# Directions
Lines before the one containing "FÜR LIEBHABER: MALERISCH" are left out; output the rest of the data exactly, through the final line.

# Data records
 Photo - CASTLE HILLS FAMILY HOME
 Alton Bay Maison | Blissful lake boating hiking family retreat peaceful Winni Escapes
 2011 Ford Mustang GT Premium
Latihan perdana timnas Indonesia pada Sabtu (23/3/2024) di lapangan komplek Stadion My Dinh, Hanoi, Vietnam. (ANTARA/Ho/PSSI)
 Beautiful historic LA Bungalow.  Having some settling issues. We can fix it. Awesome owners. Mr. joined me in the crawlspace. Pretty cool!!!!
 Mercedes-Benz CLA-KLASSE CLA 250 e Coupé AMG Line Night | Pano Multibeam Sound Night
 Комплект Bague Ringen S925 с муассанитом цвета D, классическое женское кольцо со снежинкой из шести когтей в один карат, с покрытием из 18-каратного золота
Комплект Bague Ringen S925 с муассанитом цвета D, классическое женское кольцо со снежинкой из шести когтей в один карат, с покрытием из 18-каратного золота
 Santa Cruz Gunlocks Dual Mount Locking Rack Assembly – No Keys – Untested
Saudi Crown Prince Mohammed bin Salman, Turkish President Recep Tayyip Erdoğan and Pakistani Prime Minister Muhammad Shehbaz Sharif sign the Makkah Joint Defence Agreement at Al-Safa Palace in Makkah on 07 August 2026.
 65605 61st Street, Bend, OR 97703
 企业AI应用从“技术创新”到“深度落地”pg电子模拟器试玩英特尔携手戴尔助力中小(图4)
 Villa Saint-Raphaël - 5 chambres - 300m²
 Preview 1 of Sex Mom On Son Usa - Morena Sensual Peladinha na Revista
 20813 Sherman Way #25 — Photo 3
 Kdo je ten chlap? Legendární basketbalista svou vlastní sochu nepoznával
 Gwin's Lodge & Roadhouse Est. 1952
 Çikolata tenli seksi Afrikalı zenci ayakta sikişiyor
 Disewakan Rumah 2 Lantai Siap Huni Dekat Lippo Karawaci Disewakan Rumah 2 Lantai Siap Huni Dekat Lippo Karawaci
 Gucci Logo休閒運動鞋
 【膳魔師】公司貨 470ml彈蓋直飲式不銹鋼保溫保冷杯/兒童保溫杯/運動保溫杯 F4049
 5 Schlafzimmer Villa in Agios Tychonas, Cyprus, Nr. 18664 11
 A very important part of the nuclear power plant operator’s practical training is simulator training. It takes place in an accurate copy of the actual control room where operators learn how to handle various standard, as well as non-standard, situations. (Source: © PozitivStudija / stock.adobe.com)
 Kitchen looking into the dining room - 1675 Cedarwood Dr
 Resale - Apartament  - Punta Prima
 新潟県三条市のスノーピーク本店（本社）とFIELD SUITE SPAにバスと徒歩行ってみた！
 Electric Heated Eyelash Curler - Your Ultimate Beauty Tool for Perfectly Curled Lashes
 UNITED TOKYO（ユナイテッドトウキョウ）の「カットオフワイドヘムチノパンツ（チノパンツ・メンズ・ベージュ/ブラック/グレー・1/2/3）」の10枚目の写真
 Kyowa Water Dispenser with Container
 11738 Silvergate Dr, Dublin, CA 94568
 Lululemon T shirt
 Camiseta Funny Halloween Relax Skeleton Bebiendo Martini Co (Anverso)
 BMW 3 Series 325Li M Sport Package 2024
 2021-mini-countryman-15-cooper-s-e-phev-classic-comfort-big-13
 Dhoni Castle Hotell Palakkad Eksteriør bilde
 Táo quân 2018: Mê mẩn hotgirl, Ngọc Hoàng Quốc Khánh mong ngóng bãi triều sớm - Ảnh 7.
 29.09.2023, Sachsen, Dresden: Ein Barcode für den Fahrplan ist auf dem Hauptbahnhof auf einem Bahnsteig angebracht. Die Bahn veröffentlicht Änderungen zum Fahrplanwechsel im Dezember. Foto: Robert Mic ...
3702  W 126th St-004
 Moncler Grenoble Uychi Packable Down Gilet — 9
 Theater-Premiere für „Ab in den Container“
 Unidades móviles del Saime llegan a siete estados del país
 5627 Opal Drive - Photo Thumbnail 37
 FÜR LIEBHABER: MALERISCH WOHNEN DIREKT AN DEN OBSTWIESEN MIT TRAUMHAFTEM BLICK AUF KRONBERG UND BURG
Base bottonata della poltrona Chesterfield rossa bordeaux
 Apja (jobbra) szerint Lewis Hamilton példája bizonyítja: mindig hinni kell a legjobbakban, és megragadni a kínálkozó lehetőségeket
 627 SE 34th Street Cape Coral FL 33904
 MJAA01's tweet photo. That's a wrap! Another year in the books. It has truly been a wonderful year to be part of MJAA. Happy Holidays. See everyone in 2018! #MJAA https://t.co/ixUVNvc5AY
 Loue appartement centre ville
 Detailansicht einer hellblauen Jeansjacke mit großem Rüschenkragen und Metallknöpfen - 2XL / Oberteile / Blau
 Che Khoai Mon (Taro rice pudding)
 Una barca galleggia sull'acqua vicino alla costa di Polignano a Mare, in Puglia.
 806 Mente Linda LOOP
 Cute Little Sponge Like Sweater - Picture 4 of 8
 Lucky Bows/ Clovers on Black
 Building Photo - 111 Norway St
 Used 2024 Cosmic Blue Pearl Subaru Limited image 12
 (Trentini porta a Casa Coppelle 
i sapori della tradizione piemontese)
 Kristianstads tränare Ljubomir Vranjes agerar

# Exercise solution
 FÜR LIEBHABER: MALERISCH WOHNEN DIREKT AN DEN OBSTWIESEN MIT TRAUMHAFTEM BLICK AUF KRONBERG UND BURG
Base bottonata della poltrona Chesterfield rossa bordeaux
 Apja (jobbra) szerint Lewis Hamilton példája bizonyítja: mindig hinni kell a legjobbakban, és megragadni a kínálkozó lehetőségeket
 627 SE 34th Street Cape Coral FL 33904
 MJAA01's tweet photo. That's a wrap! Another year in the books. It has truly been a wonderful year to be part of MJAA. Happy Holidays. See everyone in 2018! #MJAA https://t.co/ixUVNvc5AY
 Loue appartement centre ville
 Detailansicht einer hellblauen Jeansjacke mit großem Rüschenkragen und Metallknöpfen - 2XL / Oberteile / Blau
 Che Khoai Mon (Taro rice pudding)
 Una barca galleggia sull'acqua vicino alla costa di Polignano a Mare, in Puglia.
 806 Mente Linda LOOP
 Cute Little Sponge Like Sweater - Picture 4 of 8
 Lucky Bows/ Clovers on Black
 Building Photo - 111 Norway St
 Used 2024 Cosmic Blue Pearl Subaru Limited image 12
 (Trentini porta a Casa Coppelle 
i sapori della tradizione piemontese)
 Kristianstads tränare Ljubomir Vranjes agerar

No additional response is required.